Interpellé après avoir menacé son oncle, il s'en prend aux gendarmes en garde à vue

Un homme était jugé en comparution immédiate pour avoir agressé et menacé son oncle à Saint-Paul, puis s'en être pris à des gendarmes une fois en garde à vue.
Dans la journée du jeudi 11 juin à Saint-Paul, les gendarmes interviennent chez un particulier pour des violences. La victime explique que son neveu l'a menacé avec un serre-vis et un couteau. Placé en garde à vue, Teddy M. ne compte pas en rester là.
Dans la cellule de la brigade, il commence à invectiver les militaires. D'abord, il outrage trois d'entre eux. Puis, il menace carrément de faire subir à deux d'entre eux des sévices de nature sexuelle puis de les passer à tabac. Un comportement qui pousse la justice à retenir deux qualifications similaires à son égard : la menace de commettre un délit ou un crime.
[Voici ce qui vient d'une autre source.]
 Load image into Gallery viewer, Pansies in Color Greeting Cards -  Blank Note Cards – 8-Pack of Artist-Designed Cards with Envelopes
Des problèmes psychiatriques
À la barre du tribunal, Teddy M. semble légèrement agité. S'il comprend tout à fait ce qu'on lui reproche, il ne reconnaît pas l'ensemble des faits. Pour lui, l'épisode avec les gendarmes résulte d'une dénonciation faite en garde à vue : il leur a dit que quelqu'un dans sa famille dealait du zamal.
Toujours selon lui, devant la fin de non-recevoir des militaires, il s'est énervé contre eux : « Ils m'ont pris pour un con ! » exulte-t-il face à la cour. Cependant, l'homme ne reconnaît pas les menaces de commettre un crime contre eux. Dans une pièce jointe au dossier, il est expliqué qu'il souffre de problèmes psychiatriques.
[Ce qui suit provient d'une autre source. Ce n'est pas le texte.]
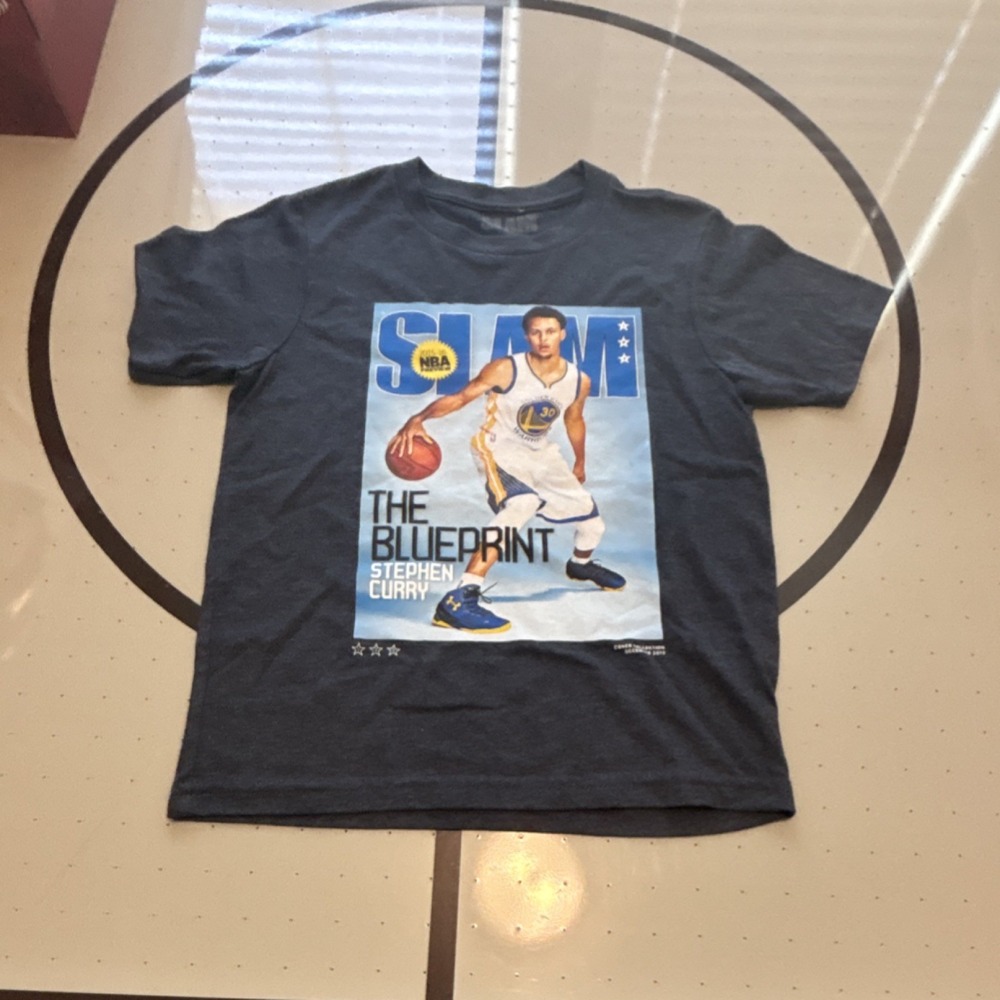 SLAM Stephen Curry NBA Boys S Navy Blue Graphic Short Sleeve T-Shirt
Du sursis probatoire requis à son égard
Il est aussi rappelé le passif de Teddy M. : quatre mentions à son casier judiciaire, dont deux pour des agressions sexuelles. Qui plus est, l'homme indique à la cour avoir fait plusieurs séjours en hôpital psychiatrique. Il reconnaît une consommation occasionnelle de zamal et d'alcool.
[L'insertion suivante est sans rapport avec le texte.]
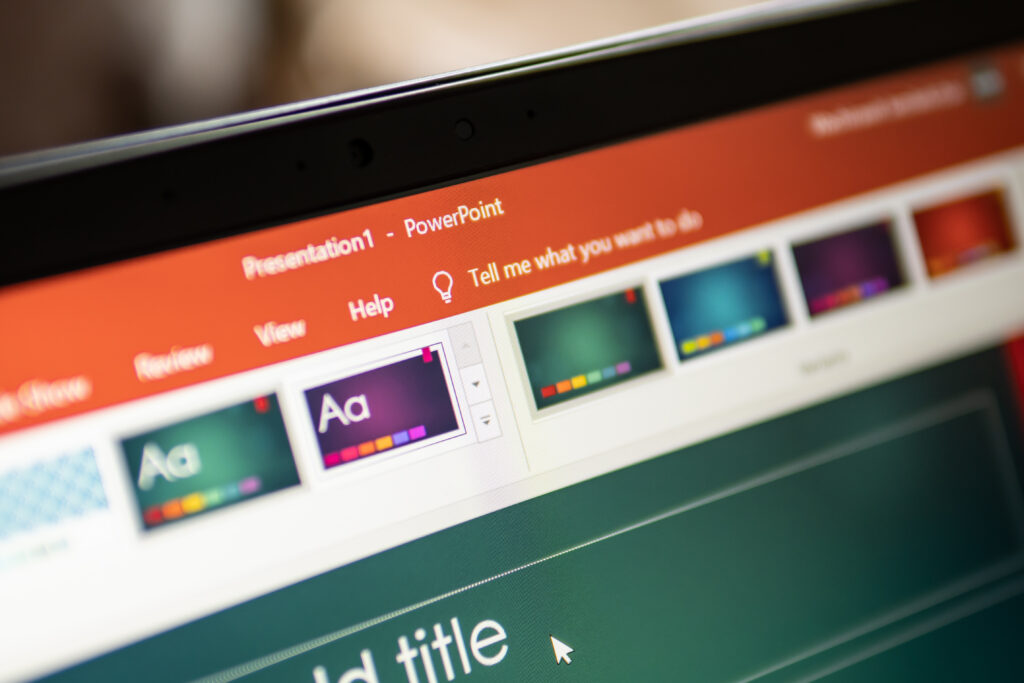 capture d'écran du logiciel PowerPoint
La procureure souligne que la récidive doit être prise en compte dans ce dossier et que, malgré ses problèmes psychiatriques, les menaces envers les gendarmes sont graves. Elle n'ose relater ce qu'il a dit lors de sa garde à vue. En ce sens, elle requiert une peine de 12 mois de prison, dont la moitié assortie d'un sursis probatoire et d'une obligation de soins. Elle demande le maintien en détention.
L'avocate de Teddy M. reconnaît la culpabilité évidente de son client. Concernant la menace envers son oncle, elle rappelle que ce dernier est accoutumé au caractère de son neveu en raison de sa maladie et que ce foyer lui offre un bon cadre familial. Elle demande une peine de prison ferme moindre et, au contraire, d'augmenter son sursis probatoire pour des soins optimaux.
Le tribunal tranche en faveur du ministère public et condamne Teddy M. à une peine de 12 mois de prison, dont 6 mois assortis d'un sursis probatoire, avec un maintien en détention.